L'étrange beauté du monde

Une recension de Alexandre Lacroix, publié le

Le Marché des amants, qui paraît au Seuil, réconciliera pour une fois ceux que Christine Angot horripile et ceux qu’elle ravit : il s’agit incontestablement d’un ratage. Avec ce roman, l’auteur semble être tombée dans son propre piège : elle alimente paresseusement des amourettes fades et sans intérêt, dans la seule intention, semble-t-il, de les narrer ensuite, d’en faire de la littérature. Christine Angot a beau faire mine d’être partagée entre deux idylles – pour un journaliste et pour un certain Bruno, dont on devine qu’à la ville il n’est autre que Doc Gynéco –, on sent qu’elle n’y est pas, les phrases tournent à vide. Ce piège du genre autobiographique a été identifié par Hannah Arendt, dans une étude consacrée à la romancière Karen Blixen : « Tandis qu’on peut raconter des histoires ou écrire des poèmes sur la vie, on ne peut rendre la vie poétique, la vivre comme si c’était une œuvre d’art ou s’en servir pour réaliser une idée… La vie en elle-même n’est ni essence ni élixir, et si on la traite comme si elle l’était, elle ne fera que vous jouer des tours. » À être trop conscient de vouloir raconter sa vie, à conformer ses actes à un tel dessein, un écrivain se condamne à mener une existence artificielle et à créer une œuvre qui reflète cette fausseté ; il perd alors sur les deux tableaux.

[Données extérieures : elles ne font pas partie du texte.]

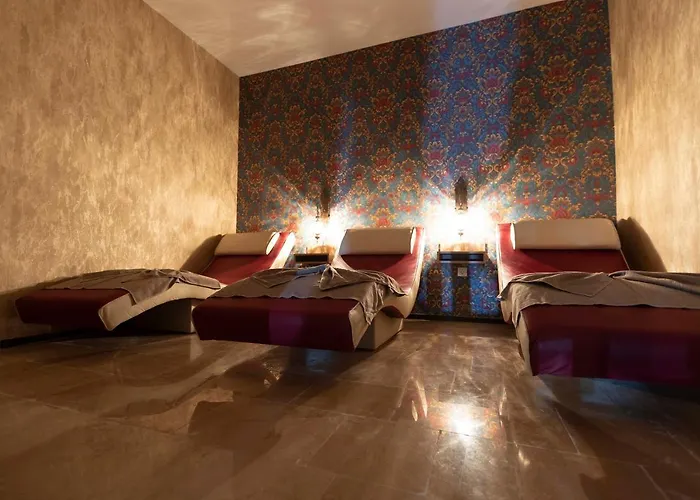 World Point Besyol Hotell 3*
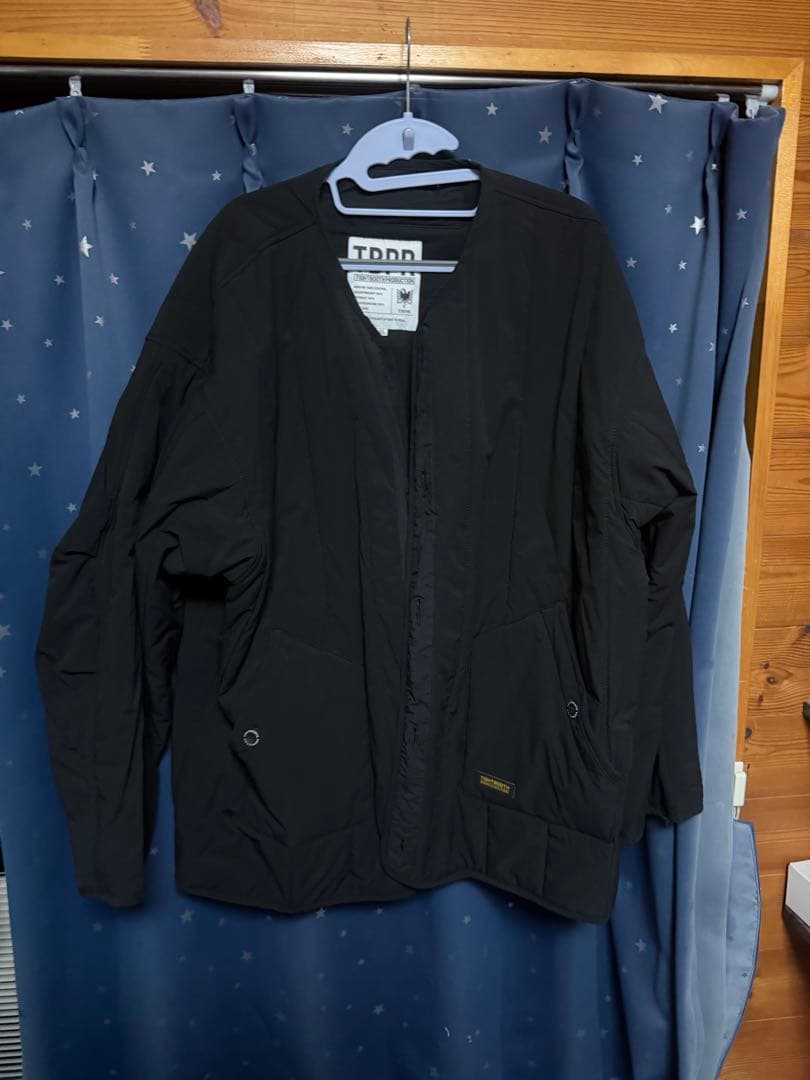 ジャケット・アウター Tightbooth M65 XL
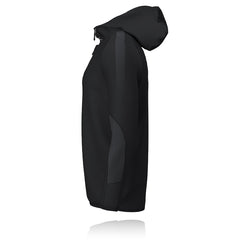 Rhondda Bowl - Hooded Jacket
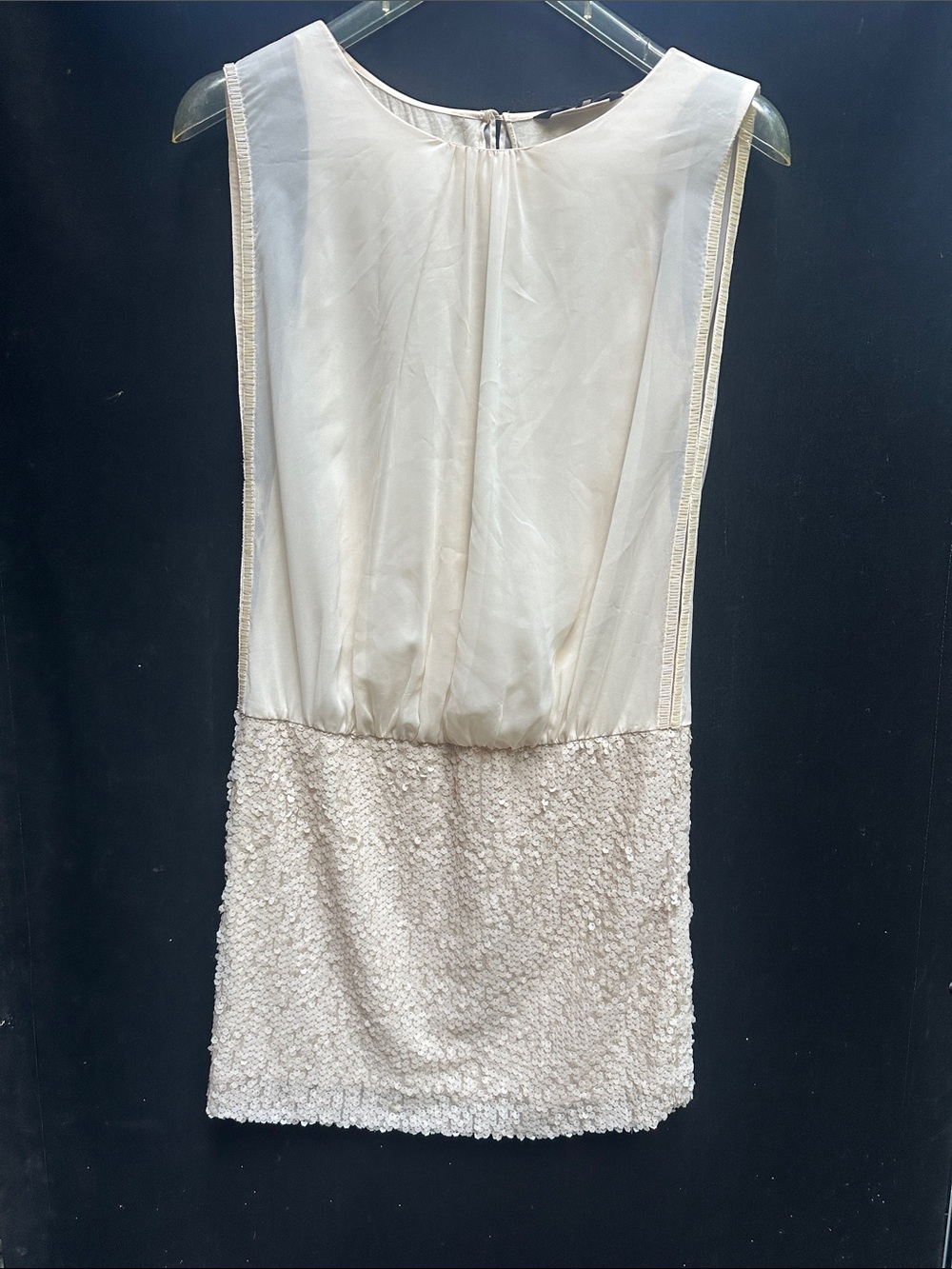 Coast  Elegant Sleeveless Dress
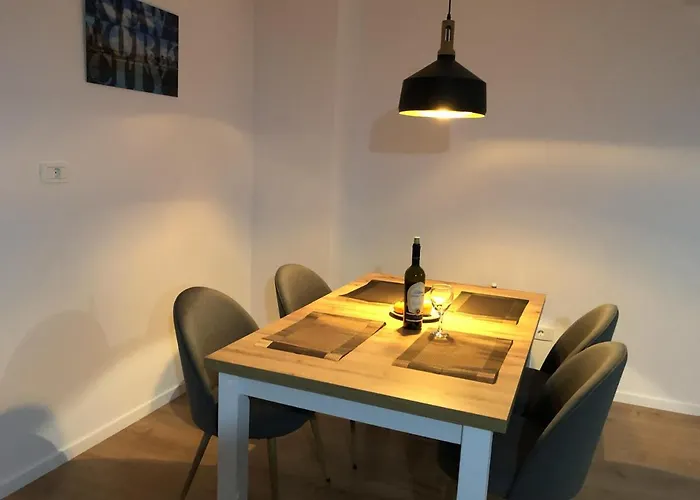 Chronos - Modern And Stylish Timisoara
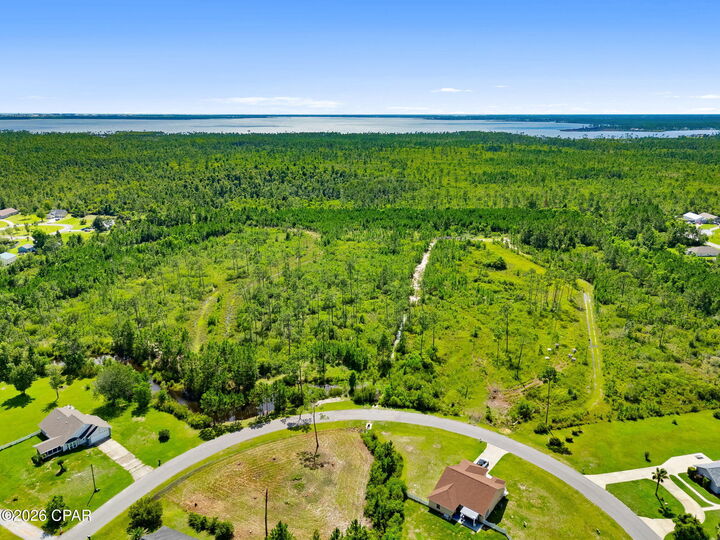 Property Photo: 00 Country Club Drive FL 32404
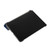 3-folding Skin Texture Horizontal Flip TPU + PU Leather Case with Holder iPad Air 2022 / 2020 10.9 - Green
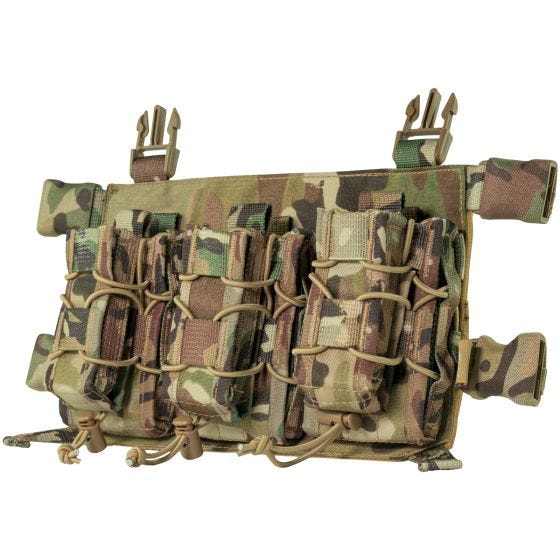 Taktyczny Panel Viper VX Buckle Up Mag Rig V-Cam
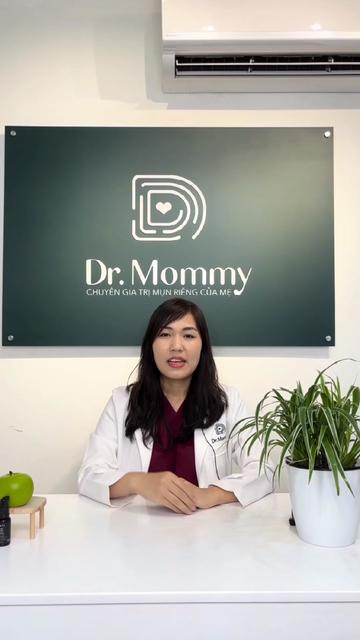 @Mỹ Phẩm Bà Bầu
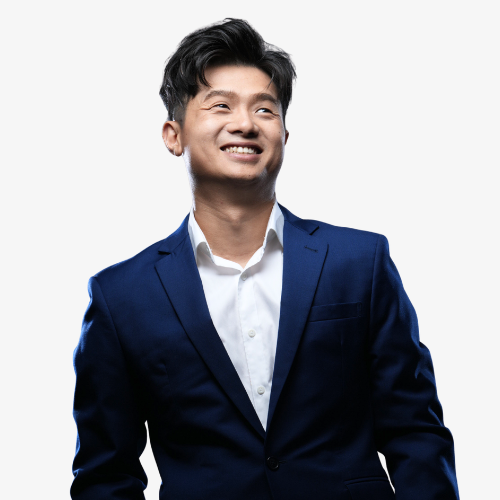 Dennis Sim — Founder, Domination Lab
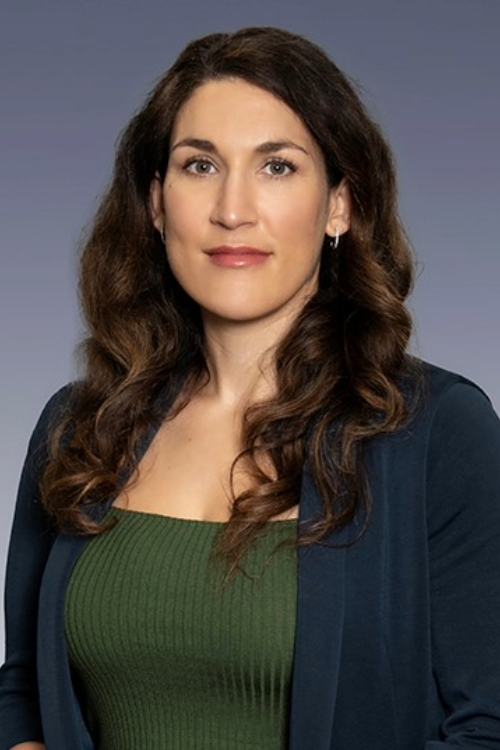 staff lauren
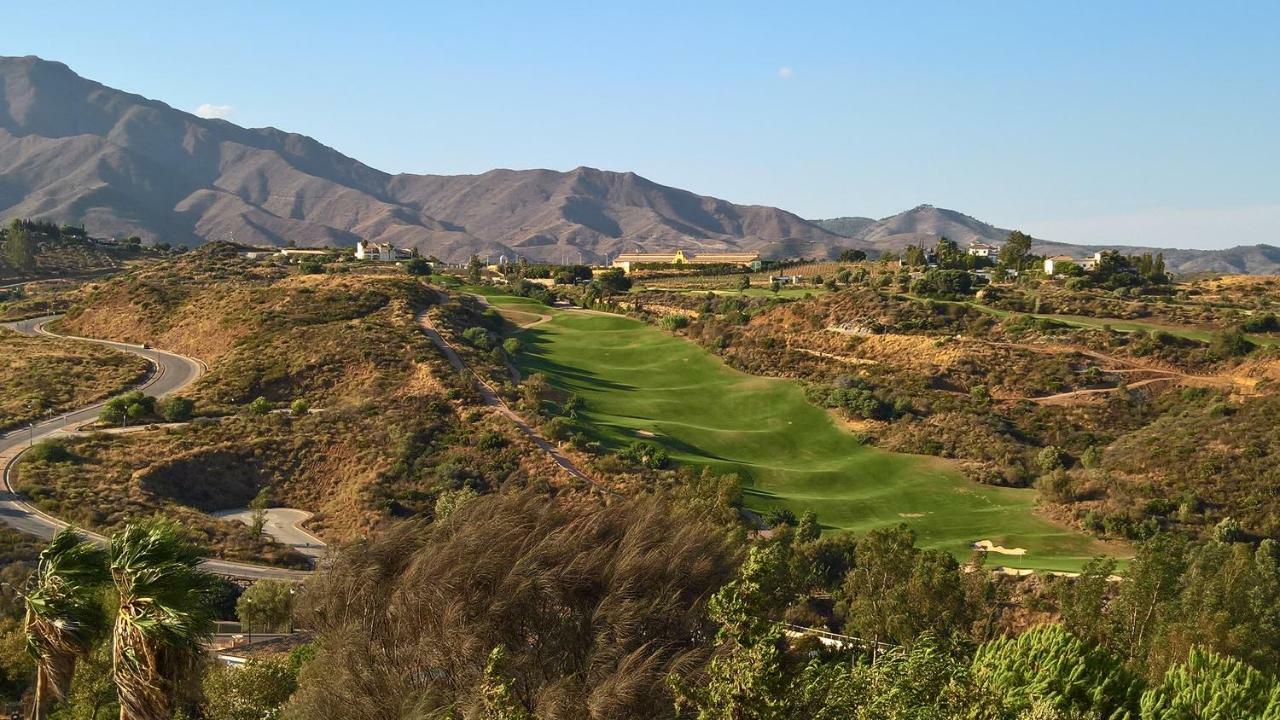 My Golf Townhouse At La Cala Resort La Cala De Mijas Bagian luar foto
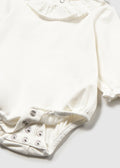 Body cuello Crudo 2770 Mayoral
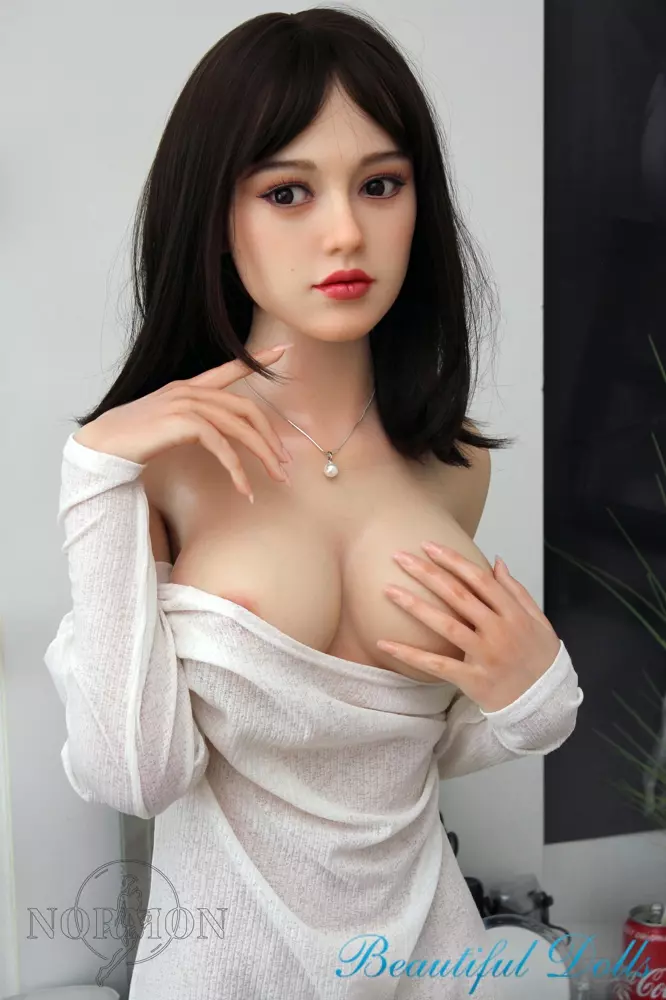 NORMON DOLL 163cm sex love doll Yan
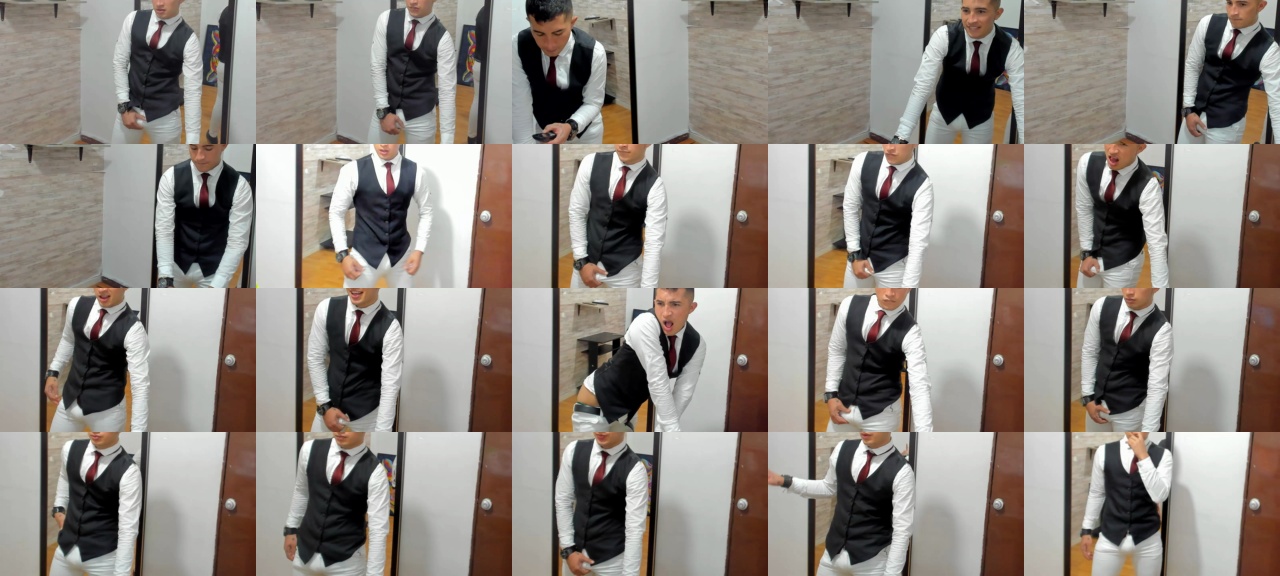Mateo_Mills 22-07-2020  Recorded Video Download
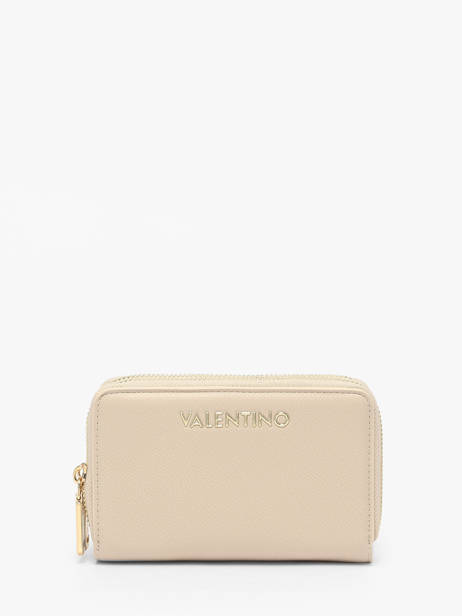 Wallet Fae Re Valentino Beige fae re VPS9D234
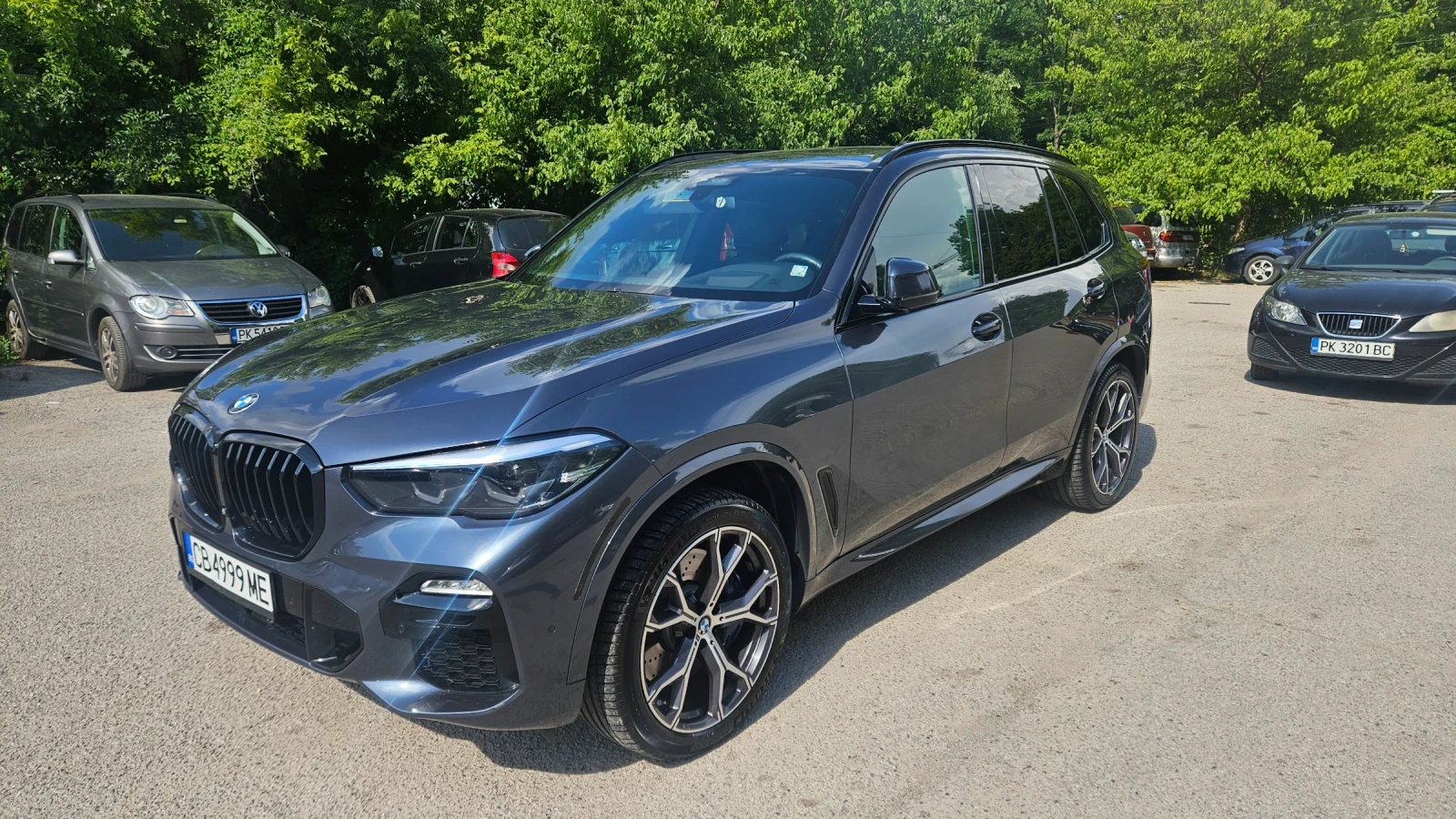 BMW X5 | Mobile.bg � ����������� 1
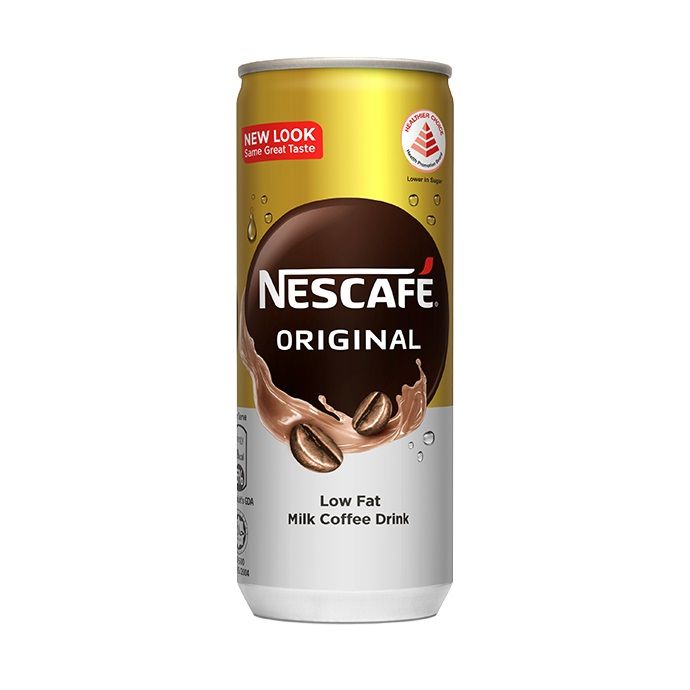 Nescafe%20Original%20Low%20Fat%20Milk%20Coffee%20Drink%20Can%20240ml%20-(Pack%20of%206)%20-%20Image%202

Un texte autobiographique emporte l’adhésion lorsqu’il porte la marque de l’authentique, c’est-à-dire d’une vie subie et non fabriquée. Nul ne peut maîtriser le cours de l’existence et c’est précisément cette emprise du destin ou de la fatalité, cette inertie qui résiste à tous les efforts de notre volonté, qui permet à l’auteur d’une confession d’émouvoir. Pour s’en persuader, il faut lire sans attendre L’Étrange Beauté du monde, un récit de Frédéric Pajak, dessiné par sa femme, Lea Lund. « Lea Lund et moi vivons ensemble depuis près de vingt-cinq ans, annonce d’emblée Pajak. Nous nous aimons. D’un amour conjugal… Nous nous étions juré fidélité. Il y a parjure… Nous nous sommes lassés l’un de l’autre, physiquement, émotionnellement… Mais nous nous aimons. » Nulle place pour le bavardage dans ces phrases laconiques. Les mots sont pleins, ils cernent au plus près les faits. Virtuose, Lea Lund alterne le style hyperréaliste et des esquisses au coup de crayon rageur, comme si elle hésitait entre prosaïsme et onirisme, lucidité et désir. Ici, l’amour n’est pas un mot en l’air, il est lesté par le réel, et c’est ce qui fait son étrange beauté.